Our history/historical fiction book club is meeting soon and chose The Things They Carried by Tim O’Brien, an amazing book that I read in one sitting, wrenching me out of my reading slump.
The book is fiction, but written as an intertwining collection of short stories with a "memoir-like" feel to it, even though it jumps from one point of view to another. The primary narrator is a Vietnam veteran named Tim O’Brien, who has a squishy relationship to the author because it is fiction, not really memoir or autobiography. This gives the whole narrative a real but unreal tone, which meshes with the narrator’s ruminations on the telling of war stories and how-impossible- it-is-to-get-at-the-truth-but-it’s-all-true.

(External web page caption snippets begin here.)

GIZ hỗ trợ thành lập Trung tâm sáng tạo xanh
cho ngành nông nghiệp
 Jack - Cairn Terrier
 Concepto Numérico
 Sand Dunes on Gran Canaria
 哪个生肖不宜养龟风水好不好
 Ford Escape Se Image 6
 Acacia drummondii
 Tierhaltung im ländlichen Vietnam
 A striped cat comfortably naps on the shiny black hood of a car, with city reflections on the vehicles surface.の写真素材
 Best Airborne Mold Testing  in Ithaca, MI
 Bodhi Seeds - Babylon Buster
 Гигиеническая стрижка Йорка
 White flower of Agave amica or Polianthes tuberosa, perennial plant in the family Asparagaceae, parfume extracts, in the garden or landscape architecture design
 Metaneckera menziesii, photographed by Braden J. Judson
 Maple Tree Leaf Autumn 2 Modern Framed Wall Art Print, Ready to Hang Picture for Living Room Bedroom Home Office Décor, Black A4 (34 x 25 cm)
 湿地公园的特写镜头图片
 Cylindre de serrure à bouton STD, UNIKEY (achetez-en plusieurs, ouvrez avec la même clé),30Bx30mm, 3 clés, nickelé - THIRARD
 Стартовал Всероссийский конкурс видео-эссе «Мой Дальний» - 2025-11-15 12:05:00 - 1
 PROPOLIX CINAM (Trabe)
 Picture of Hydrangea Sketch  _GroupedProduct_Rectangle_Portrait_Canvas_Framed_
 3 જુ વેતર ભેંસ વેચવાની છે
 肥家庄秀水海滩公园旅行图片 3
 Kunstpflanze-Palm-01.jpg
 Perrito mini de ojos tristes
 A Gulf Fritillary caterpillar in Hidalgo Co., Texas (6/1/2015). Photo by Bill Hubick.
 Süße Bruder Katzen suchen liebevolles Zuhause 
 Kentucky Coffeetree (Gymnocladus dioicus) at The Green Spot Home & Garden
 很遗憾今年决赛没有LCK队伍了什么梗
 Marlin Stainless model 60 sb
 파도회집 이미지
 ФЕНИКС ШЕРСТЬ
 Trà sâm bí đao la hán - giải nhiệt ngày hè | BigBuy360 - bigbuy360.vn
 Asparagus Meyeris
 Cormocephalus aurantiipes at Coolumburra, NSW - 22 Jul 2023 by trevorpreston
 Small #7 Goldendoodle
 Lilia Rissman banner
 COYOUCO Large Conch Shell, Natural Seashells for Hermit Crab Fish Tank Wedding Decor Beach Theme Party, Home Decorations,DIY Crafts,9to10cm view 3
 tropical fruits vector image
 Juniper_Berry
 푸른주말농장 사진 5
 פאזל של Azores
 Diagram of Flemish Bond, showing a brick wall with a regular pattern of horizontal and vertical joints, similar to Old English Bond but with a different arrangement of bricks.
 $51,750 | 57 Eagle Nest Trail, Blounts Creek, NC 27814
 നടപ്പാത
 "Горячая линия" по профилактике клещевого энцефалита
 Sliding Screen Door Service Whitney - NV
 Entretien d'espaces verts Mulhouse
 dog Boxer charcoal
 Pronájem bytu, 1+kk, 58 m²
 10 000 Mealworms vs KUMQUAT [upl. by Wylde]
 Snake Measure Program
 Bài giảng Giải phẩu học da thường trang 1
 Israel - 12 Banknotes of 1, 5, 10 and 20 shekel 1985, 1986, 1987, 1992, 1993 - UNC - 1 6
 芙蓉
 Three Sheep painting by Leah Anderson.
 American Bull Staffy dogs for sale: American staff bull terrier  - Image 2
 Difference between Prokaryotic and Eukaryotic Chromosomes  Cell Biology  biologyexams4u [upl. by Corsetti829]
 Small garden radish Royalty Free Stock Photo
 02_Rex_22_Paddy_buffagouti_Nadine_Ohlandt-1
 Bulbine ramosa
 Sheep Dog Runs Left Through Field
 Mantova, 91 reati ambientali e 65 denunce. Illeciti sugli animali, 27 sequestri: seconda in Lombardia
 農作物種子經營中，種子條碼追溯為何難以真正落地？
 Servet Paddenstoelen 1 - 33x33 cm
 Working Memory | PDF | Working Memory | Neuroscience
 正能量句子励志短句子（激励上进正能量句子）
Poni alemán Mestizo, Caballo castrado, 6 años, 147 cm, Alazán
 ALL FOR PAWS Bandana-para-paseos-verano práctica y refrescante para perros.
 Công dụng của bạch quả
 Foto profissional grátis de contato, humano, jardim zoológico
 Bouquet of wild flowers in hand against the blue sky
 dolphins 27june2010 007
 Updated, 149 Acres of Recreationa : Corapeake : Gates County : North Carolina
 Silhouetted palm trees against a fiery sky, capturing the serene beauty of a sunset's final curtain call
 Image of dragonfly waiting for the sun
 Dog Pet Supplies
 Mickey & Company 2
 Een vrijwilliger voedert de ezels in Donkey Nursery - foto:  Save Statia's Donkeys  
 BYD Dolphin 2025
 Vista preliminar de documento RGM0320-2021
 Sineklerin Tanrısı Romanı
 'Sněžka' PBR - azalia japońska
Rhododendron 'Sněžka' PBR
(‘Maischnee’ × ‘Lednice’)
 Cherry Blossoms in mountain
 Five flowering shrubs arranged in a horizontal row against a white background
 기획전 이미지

It has an immediate feel, even when a character is looking back, and an honest feeling whether or not it’s true.
Each chapter is a story in itself, anecdotes about a company of soldiers in Vietnam. Reminiscent in a way of All Quiet on the Western Front, these are very young men who don’t really have a "big picture" view of the war, who are focused on personal survival and the survival of their buddies. It shows the awfulness of war: its tedium, terror, discomfort, dehumanization, guilt, and ongoing trauma, as well as the closeness of the interpersonal bonds and the giddiness that comes with surviving.
The writing is beautifully stark and evocative. The characters, though presented in snapshots, end up fully realized.
Even for those who don’t think they would be interested in Vietnam War fiction (I didn’t think I would be), this book is a should-read.